LOL, the moment I read that you lived in a restricted state I knew you were talking about Maine. I hear a lot of Mainers complain (and rightly so) about the restrictions. I have also heard of nasty fines hitting folks with ponds... just recently actually. 
-Christie
PS. Nice avatar... go Pats!


----------



## violet (Mar 17, 2006)

I love the Pats so much... pitiful when you get excited about mini camps.

Doesn't Maine have those signs saying "Maine, the way life should be" or something like that. Don't get me wrong, I really do LOVE Maine but I don't know if I could live there.


----------



## mrmoby (Jan 18, 2005)

I love living here........I grew up in MA....but that doesn't mean that things aren't ass backwards here sometime. Are you in MA violet?


----------



## violet (Mar 17, 2006)

Yes, but I don't know why. We have our own dumb rules. Have you heard about the *Great Fluffernutter Debate*? (a regional delicacy)

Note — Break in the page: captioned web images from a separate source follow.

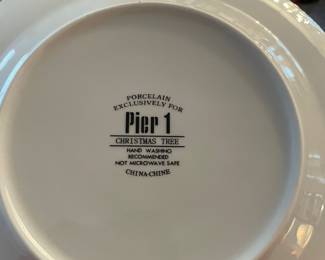 #73	Pier 1 Set of 8 Christmas Tree Dessert/Salad Plates	 $ 20.00 																												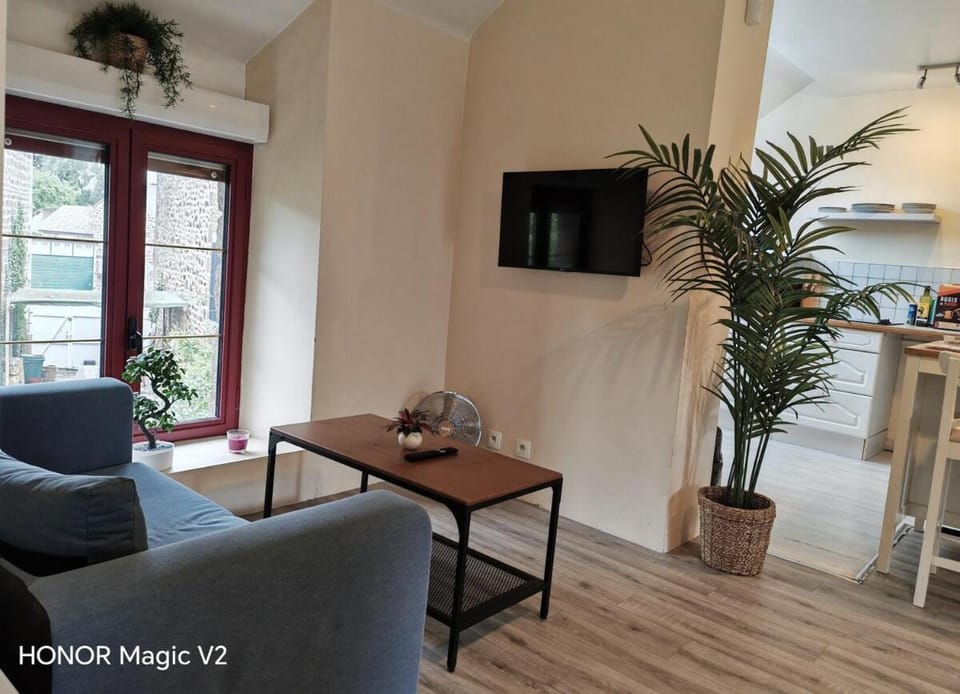TV and multimedia, Living room, Seating area, Evening entertainment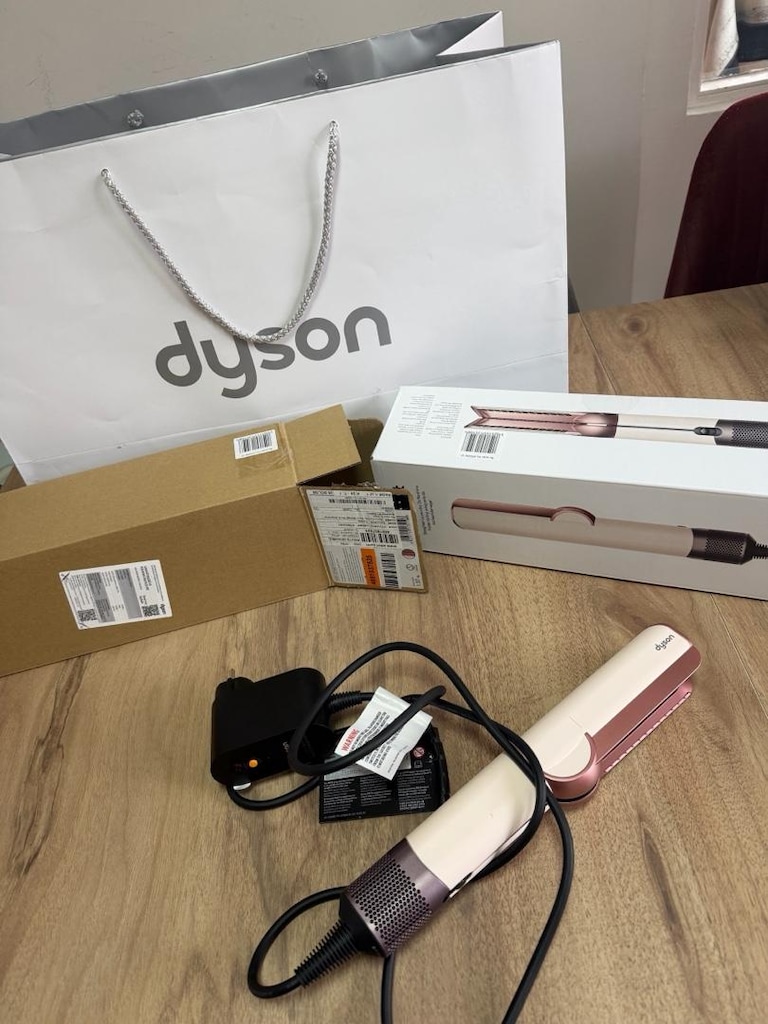 dyson airstrait - 7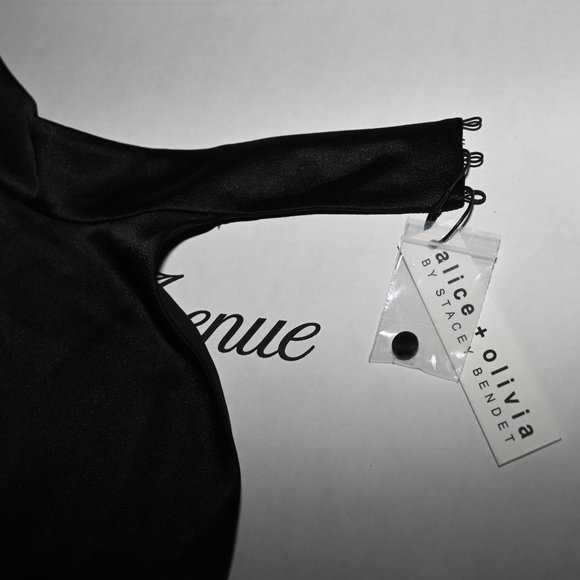 Alice + Olivia Ryn Tulle-Panel Satin Gown - elegant and seductive, size 8. - Picture 8 of 11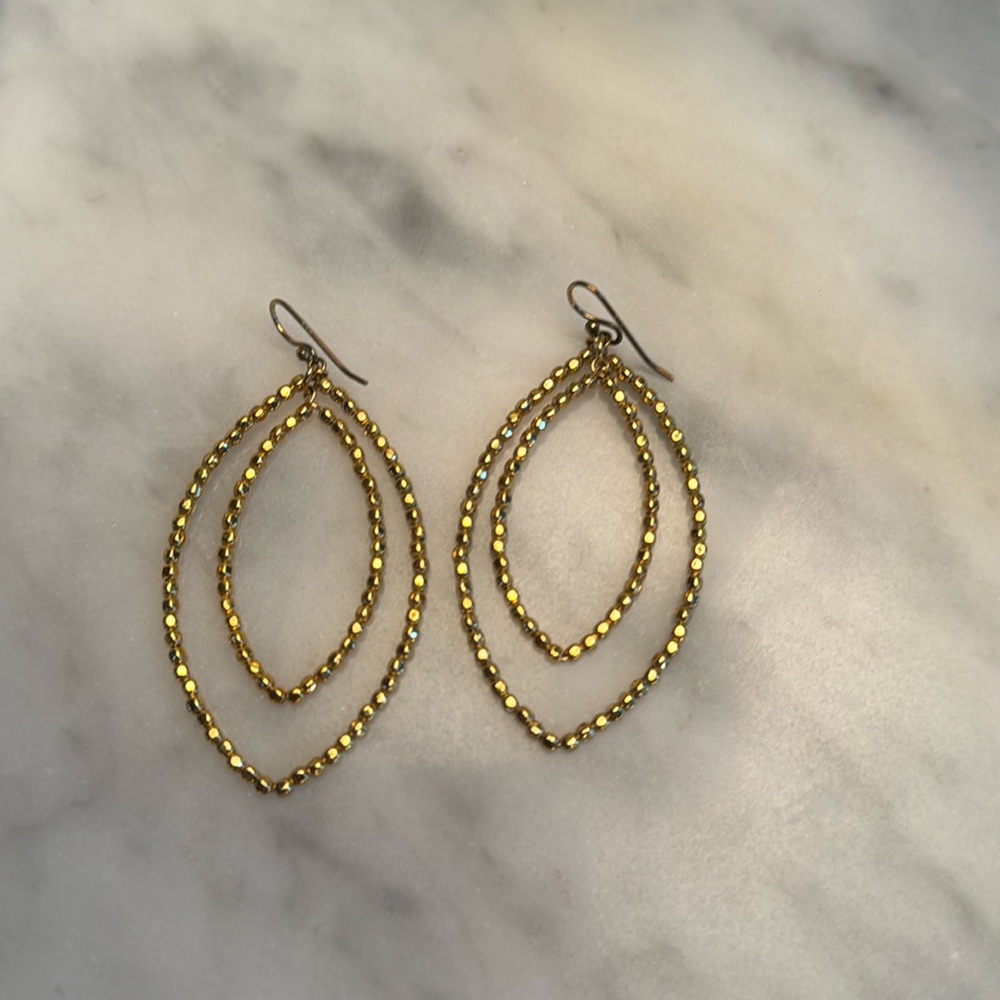 Stella and Dot gold plated beaded earrings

In the late 90s I spent enough time in ME to be considered a resident but never made it official. Seems different now. But still, there is no place like Maine. I'm imagining how when you continue to drive north you pass into the forests where the Balsam firs begin and the air smells different.  *sigh* Of course I have had more close encounters with the grim reaper there than anywhere else...  State motto should be *Maine, it's no place for sissies* LOL!


----------



## Puffer Pita (Jun 16, 2006)

LOL The fluffernutter debate may be regional (I followed the developments online) but the fluffernutter isn't. Its nationwide. I grew up on them in Texas and had them in Arizona, California, Hawaii and Wisconsin.


----------



## Nippyfish (Apr 25, 2006)

I must have missed the memo. I'm from MA too and have never heard of the fluffernutter debate.


----------



## Puffer Pita (Jun 16, 2006)

http://www.townonline.com/medford/localRegional/view.bg?articleid=526453&format=

http://www.msnbc.msn.com/id/13445850/

http://www.bostonherald.com/blogs/politicsBlog/?p=151


----------